But check the blue line that is coloured red in the end, and the sharp edges ignored here, for performance reasons we can just let one line line pass straight through these sharp edges, so although some of the edges might be out of the lines, its accepted as we have sacrificed minimal precision for a huge performance gain as drawing and detecting lines containing all of those edges is heavy computationally and pointless for most applications. 

Next we go to the representation,
Normally linked lists are used to construct a graph, some store the constructed tree as is and some sort the tree in many different ways with every insertion, that way traversing the tree will be less expensive computationally but sorting can be expensive as well so there is always the balance, the application, and testing.

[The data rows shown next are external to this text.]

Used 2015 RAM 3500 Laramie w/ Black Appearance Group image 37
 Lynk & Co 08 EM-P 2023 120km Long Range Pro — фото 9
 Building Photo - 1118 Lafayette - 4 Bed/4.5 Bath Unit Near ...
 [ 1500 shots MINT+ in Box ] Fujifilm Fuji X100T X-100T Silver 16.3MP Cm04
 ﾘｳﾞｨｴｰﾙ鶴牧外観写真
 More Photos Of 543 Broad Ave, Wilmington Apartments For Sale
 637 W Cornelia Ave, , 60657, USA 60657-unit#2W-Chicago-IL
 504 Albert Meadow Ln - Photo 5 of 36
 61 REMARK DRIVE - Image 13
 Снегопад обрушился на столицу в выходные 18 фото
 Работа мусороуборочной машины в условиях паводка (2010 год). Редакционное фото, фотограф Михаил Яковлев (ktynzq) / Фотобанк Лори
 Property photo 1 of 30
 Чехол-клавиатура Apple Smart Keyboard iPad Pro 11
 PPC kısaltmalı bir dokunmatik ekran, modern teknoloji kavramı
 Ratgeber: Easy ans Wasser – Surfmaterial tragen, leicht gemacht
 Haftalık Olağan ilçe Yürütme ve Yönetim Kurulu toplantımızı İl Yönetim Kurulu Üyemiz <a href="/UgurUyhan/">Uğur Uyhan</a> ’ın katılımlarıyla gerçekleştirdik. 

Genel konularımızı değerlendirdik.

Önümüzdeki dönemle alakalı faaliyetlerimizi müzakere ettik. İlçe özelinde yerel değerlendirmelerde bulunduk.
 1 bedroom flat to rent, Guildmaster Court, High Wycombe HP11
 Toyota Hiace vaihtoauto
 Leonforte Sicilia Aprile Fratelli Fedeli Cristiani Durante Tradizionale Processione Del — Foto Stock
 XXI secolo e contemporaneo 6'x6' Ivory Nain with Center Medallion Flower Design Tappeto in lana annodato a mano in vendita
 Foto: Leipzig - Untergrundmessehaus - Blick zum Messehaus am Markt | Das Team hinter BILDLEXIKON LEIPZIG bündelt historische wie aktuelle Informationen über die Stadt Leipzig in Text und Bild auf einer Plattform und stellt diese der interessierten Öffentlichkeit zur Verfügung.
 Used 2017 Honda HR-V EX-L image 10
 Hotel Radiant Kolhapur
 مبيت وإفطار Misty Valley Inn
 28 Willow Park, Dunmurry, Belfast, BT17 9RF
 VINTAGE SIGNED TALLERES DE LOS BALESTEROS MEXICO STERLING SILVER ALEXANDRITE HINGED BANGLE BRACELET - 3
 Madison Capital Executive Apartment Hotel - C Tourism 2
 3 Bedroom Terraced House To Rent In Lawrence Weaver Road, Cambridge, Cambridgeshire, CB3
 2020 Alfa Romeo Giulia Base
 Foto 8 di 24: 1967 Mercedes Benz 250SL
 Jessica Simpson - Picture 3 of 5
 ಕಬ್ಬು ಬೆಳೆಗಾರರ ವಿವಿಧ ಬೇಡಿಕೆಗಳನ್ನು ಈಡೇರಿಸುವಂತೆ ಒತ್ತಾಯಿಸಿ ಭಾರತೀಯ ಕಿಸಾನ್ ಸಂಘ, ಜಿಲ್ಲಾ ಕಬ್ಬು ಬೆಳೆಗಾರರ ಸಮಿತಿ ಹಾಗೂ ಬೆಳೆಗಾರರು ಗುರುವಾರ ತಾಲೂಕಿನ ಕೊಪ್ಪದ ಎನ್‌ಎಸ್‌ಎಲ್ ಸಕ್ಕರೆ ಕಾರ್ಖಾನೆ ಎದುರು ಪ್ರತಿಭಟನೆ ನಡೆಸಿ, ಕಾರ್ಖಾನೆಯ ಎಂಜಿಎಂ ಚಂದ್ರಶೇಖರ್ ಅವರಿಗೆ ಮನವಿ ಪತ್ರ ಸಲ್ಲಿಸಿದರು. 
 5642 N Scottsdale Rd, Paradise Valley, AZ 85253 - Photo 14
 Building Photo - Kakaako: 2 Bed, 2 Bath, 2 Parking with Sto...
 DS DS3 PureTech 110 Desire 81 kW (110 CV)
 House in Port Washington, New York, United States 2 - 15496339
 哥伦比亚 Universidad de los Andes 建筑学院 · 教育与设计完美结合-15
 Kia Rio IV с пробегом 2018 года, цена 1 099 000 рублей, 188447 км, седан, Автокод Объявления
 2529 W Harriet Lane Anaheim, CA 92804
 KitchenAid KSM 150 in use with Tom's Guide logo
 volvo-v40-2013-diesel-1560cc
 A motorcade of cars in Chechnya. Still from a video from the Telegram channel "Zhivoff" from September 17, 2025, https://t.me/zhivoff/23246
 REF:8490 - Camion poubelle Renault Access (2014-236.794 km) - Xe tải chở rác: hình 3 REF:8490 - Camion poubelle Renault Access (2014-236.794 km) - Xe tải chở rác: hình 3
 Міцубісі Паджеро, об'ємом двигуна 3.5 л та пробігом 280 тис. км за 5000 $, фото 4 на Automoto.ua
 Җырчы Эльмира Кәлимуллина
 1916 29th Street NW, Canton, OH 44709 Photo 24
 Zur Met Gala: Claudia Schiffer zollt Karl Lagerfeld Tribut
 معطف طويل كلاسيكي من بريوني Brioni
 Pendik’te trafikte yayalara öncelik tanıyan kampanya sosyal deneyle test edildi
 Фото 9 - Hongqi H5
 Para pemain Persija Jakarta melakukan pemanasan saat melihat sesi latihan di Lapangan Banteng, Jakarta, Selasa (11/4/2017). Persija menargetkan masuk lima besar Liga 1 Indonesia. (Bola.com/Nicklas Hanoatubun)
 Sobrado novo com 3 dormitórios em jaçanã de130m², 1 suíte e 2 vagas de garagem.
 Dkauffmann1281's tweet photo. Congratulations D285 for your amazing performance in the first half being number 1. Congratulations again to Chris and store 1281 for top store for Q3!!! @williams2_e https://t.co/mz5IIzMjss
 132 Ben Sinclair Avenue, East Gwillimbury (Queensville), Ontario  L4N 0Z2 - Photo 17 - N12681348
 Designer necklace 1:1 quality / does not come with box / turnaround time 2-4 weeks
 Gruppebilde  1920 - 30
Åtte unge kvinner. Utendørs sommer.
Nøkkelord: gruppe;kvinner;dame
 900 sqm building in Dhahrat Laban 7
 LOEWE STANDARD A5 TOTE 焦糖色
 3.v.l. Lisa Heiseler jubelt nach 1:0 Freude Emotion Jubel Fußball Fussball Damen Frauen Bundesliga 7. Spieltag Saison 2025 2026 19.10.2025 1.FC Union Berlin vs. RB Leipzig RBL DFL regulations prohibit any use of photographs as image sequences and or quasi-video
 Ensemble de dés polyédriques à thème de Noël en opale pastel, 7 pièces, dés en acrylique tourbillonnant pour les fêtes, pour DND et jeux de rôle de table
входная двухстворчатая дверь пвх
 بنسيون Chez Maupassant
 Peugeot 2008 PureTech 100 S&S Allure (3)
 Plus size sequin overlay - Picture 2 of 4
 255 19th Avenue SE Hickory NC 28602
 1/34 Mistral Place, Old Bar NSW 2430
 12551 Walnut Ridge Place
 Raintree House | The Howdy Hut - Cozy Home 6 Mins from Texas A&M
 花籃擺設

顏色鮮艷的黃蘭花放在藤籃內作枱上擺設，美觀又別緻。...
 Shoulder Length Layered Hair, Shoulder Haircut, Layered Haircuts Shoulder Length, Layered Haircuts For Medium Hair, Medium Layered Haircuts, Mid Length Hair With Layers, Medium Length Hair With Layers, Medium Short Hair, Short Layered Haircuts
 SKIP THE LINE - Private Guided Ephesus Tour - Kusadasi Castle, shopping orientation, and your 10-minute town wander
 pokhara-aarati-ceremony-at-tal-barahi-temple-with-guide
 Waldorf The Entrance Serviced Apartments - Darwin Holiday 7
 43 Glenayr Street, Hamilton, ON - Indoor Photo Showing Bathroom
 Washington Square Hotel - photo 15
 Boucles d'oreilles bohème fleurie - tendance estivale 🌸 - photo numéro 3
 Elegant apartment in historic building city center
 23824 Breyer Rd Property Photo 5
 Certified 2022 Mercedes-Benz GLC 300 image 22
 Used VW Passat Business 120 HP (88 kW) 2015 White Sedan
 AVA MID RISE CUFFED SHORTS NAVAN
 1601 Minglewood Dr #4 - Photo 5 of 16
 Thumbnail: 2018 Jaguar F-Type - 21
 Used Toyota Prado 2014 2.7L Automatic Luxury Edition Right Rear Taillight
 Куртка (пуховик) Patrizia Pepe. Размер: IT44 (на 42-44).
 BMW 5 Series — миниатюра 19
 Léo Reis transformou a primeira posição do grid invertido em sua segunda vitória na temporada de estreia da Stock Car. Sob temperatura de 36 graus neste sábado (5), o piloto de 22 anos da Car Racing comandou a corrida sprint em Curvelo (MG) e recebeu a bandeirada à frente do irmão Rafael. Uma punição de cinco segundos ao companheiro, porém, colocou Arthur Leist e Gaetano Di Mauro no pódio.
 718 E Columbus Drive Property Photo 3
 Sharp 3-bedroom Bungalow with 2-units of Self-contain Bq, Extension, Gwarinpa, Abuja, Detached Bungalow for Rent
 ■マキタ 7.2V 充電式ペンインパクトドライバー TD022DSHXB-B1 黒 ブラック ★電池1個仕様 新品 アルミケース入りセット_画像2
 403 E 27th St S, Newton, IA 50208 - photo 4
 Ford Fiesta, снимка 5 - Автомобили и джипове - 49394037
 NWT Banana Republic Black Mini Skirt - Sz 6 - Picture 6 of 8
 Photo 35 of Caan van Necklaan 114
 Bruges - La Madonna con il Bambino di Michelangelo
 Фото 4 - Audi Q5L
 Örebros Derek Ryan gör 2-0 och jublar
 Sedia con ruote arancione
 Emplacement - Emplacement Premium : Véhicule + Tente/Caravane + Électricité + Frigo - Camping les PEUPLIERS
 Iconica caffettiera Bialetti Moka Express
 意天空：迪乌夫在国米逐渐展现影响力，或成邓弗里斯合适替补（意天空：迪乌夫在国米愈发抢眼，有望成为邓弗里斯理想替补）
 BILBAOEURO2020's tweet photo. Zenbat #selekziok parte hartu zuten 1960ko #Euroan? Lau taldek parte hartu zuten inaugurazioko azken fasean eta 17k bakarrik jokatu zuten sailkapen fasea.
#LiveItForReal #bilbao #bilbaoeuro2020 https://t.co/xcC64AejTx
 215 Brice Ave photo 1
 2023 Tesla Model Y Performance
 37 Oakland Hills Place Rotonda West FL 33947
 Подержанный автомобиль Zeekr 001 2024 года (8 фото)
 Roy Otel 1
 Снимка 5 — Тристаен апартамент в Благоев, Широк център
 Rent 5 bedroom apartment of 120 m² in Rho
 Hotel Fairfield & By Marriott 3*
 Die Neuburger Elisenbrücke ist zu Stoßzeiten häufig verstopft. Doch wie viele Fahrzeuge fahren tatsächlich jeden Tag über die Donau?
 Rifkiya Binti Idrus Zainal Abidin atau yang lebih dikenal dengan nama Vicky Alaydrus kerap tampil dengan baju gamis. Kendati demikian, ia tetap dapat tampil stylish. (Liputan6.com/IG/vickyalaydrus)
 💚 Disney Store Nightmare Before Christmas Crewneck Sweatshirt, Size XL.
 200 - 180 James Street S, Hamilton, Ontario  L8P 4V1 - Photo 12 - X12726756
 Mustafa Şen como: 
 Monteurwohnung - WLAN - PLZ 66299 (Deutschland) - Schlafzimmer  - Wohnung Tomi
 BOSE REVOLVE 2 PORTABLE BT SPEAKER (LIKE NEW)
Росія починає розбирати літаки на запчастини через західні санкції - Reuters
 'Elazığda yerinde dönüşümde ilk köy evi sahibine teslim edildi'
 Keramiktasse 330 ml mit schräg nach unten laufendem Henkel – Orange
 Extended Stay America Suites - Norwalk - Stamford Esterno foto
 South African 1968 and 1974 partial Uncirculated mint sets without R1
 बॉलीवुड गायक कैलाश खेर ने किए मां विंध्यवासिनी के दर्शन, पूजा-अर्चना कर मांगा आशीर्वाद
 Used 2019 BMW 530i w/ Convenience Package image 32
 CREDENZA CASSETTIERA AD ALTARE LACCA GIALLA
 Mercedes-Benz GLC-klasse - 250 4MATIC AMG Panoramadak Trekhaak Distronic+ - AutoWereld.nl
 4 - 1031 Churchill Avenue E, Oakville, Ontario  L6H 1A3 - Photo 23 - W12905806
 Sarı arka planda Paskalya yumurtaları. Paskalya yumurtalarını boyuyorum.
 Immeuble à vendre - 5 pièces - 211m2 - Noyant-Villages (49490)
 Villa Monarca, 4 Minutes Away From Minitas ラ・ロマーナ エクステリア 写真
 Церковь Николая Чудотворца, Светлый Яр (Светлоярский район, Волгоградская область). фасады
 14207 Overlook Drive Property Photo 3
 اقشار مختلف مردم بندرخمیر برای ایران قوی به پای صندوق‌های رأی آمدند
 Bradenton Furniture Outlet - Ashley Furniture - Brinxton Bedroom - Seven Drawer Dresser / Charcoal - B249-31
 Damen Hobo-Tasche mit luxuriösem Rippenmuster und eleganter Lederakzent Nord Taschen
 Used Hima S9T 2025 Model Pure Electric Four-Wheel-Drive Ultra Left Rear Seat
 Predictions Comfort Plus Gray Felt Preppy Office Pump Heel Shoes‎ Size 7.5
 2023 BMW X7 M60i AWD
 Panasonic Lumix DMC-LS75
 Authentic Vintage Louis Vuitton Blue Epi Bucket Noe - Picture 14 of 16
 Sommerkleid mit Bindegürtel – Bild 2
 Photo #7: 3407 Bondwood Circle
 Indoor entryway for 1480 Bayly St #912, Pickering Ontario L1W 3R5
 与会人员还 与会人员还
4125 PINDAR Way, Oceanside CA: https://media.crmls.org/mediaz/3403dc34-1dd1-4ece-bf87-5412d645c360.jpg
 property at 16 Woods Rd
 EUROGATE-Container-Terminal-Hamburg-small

Stuttering in some games’s graphics is the result of not mastering that balance.

Now discussing my algorithm for packing 2D shapes:

My clients normally ask me to read data from an excel sheet, so I use pandas to read the excel sheet into a numpy array and xlrd is needed by pandas to select tabs from within the excel sheet which can be installed through pip,

My preferred OS is debian but I have been using ubuntu recently as it has more support/ more recent packages that work instantly with no headache.

To install python, pip, pandas and xlrd

sudo apt-get update
sudo apt-get -y install python3 python3-pip
pip3 install pandas xlrd

Next I read the items to be inserted from the excel sheet from a tab named “Items” and I read the containers to choose the best from, from a tab named “Containers”

import pandas as pd
FILE = ‘pack_data.xlsx’                      # file name to read data from
ITEMS_TAB                 = ‘Items’
CONTAINERS_TAB    = ‘Containers’
containers_table            = pd.read_excel(FILE,  sheet_name = CONTAINERS_TAB, index_col = False)
items_table                    = pd.read_excel(FILE,  sheet_name = ITEMS_TAB, index_col=False)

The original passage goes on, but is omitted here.